TBMM Başkanı Şentop müzede neler sergileneceği ile ilgili de "Trakya Üniversitesi Doğa Tarihi Müzesi Trakya bölgemizin biyolojik zenginliğini yansıtan çeşitli omurgasızlar-böcekler, yumuşakçalar, bitkiler, balıklar, iki yaşamlılar, sürüngenler, kuşlar ve memelilere ait toplam 754 türe ait 1923 örneği ihtiva etmektedir. 'Doğa Tarihi Müze'sinde ülkemizin farklı bölgelerinden toplanan türler de yer almaktadır. Uluslararası araştırmacılara hizmet sunmak ve yaşayan müze içeriğini desteklemek amacıyla Trakya Üniversitesi Biyoloji Bölümü depolarında; binlerce böcek materyali, böcek türü, iskelet ve doldurulmuş omurgalı örneklerle uluslararası kurutulmuş bitki örneklerinin saklanabileceği ortamalar mevcuttur" diye konuştu.
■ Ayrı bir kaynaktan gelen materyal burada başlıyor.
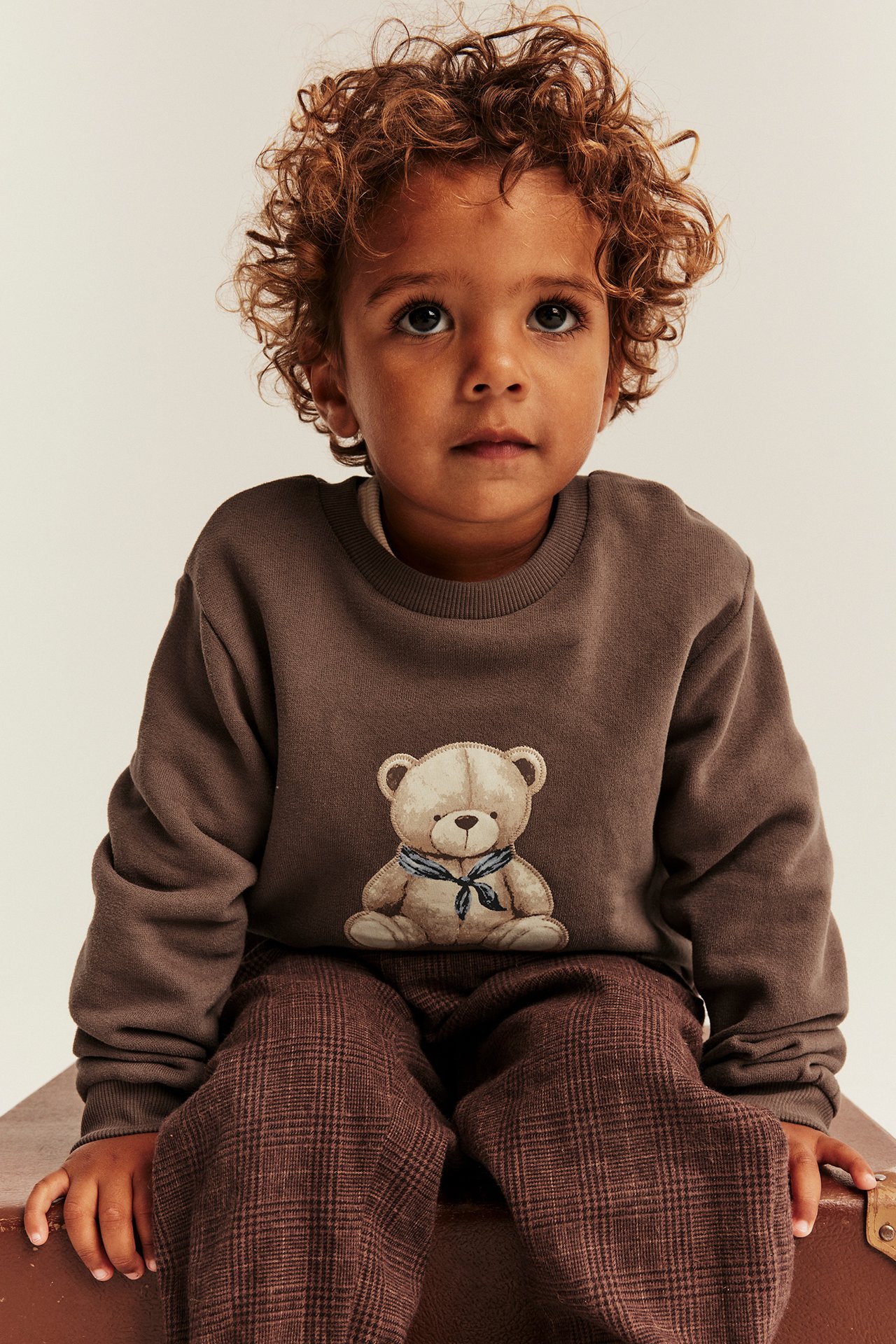 Vorderansicht eines Kindes in braunem Sweatshirt mit Teddybär-Print und brauner Karohose.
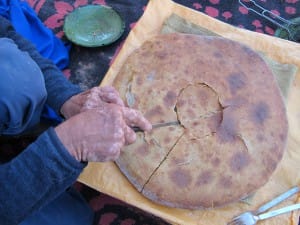 Berber man cutting traditional Berber pizza Saf Saf Oasis Morocco_Source NOSADE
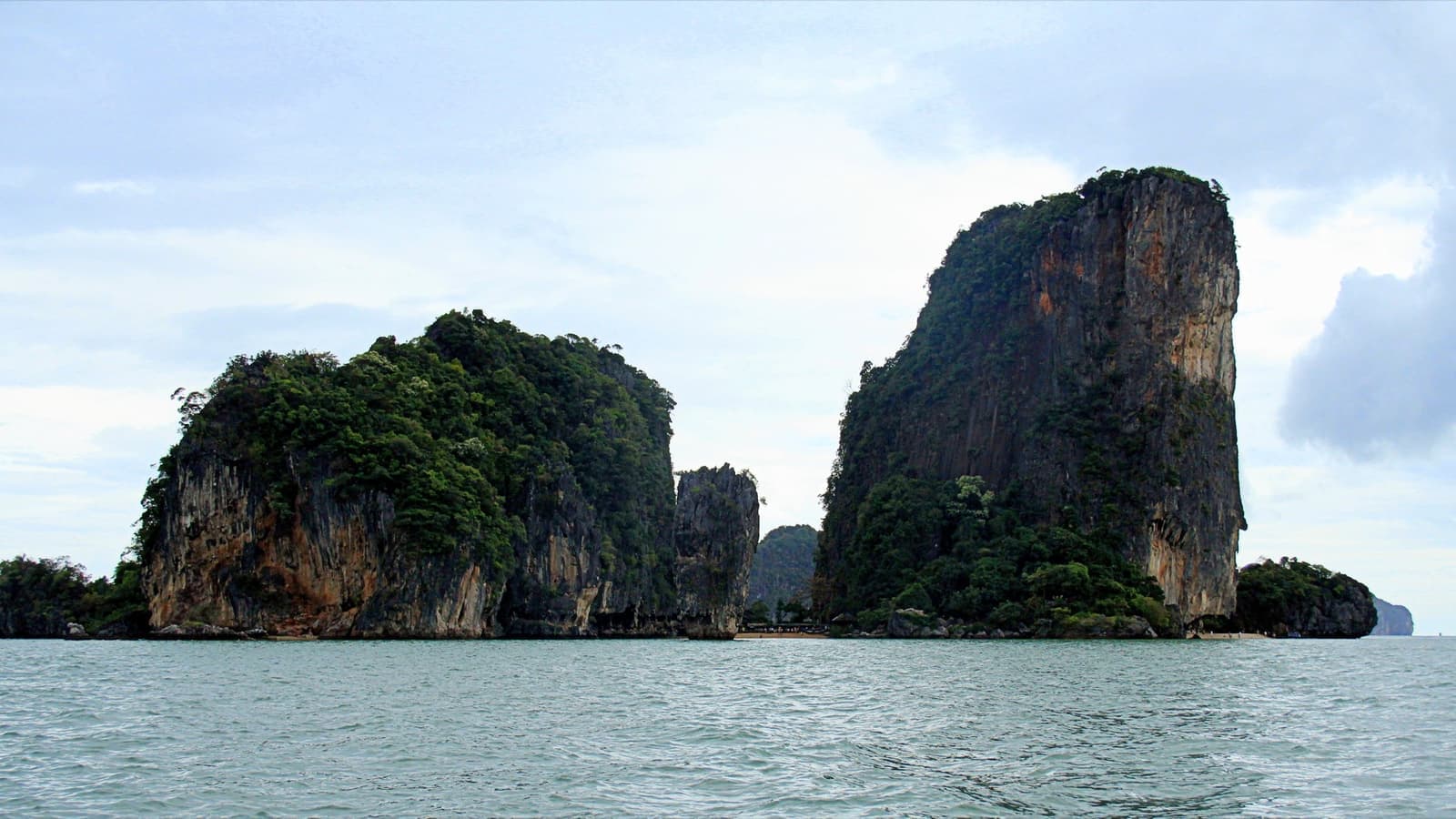 Two tall limestone islands rising sheer from calm sea
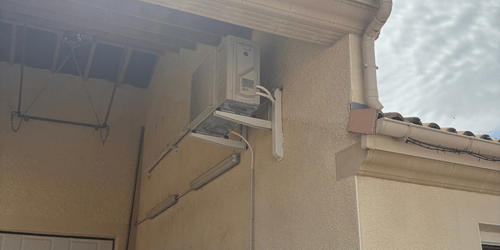 Unité extérieure de climatisation fixée en hauteur sur une façade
'ESKİ DÜNYA ARTIK MÜMKÜN DEĞİL'
TBMM Başkanı Şentop, Edirne'deki son programı kapsamında kentteki sivil toplum kuruluşlarıyla bir araya geldi. Şentop buradaki konuşmasında, artık eski dünyanın kurallarının geçerli olmadığını belirtti. Rusya-Ukrayna savaşına dikkat çeken Şentop, "En yakınımızda başlayan Rusya-Ukrayna Savaşı. Çok basit bir şekilde bize artık eski dünyanın mümkün olmadığını gösteriyor. Eski dünya neydi? Birleşmiş Milletler vardı, iki blok vardı ve bunlar arasında bir denge içerisinde devam ediyordu. Artık denge politikaları ortadan kalktı. Birleşmiş Milletler bir işe yaramıyor çünkü daimi üyelerinden, 5 üyeden birisi de Rusya. Kendisi aleyhine çıkacak bir kararı veto ediyor. Bu 5 üyeden biri kararı veto ederse o sistem çalışmıyor, kalıyor. Sistem 1945'e göre, ikinci dünya savaşına göre kurulmuş ve bu savaşın galibi olan 5 ülke daimi olmuş" dedi.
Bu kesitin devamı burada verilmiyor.